What you should do:
Each line from the one that contains "13730 Windsor Gdn" to the end of the material must be quoted exactly; include both end lines and nothing else.

Stored data:
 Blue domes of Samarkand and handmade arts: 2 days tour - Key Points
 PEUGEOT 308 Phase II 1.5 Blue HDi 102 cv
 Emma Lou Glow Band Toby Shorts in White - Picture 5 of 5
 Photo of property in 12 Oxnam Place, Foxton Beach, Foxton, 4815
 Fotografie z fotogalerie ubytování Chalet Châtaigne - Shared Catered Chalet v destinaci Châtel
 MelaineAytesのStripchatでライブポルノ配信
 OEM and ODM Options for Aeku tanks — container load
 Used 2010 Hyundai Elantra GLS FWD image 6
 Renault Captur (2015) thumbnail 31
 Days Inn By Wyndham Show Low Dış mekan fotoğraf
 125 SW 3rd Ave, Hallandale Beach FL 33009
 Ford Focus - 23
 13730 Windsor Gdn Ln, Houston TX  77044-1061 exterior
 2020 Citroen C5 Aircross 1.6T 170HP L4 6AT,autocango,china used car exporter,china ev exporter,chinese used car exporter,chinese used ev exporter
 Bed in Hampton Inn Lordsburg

Task answer:
 13730 Windsor Gdn Ln, Houston TX  77044-1061 exterior
 2020 Citroen C5 Aircross 1.6T 170HP L4 6AT,autocango,china used car exporter,china ev exporter,chinese used car exporter,chinese used ev exporter
 Bed in Hampton Inn Lordsburg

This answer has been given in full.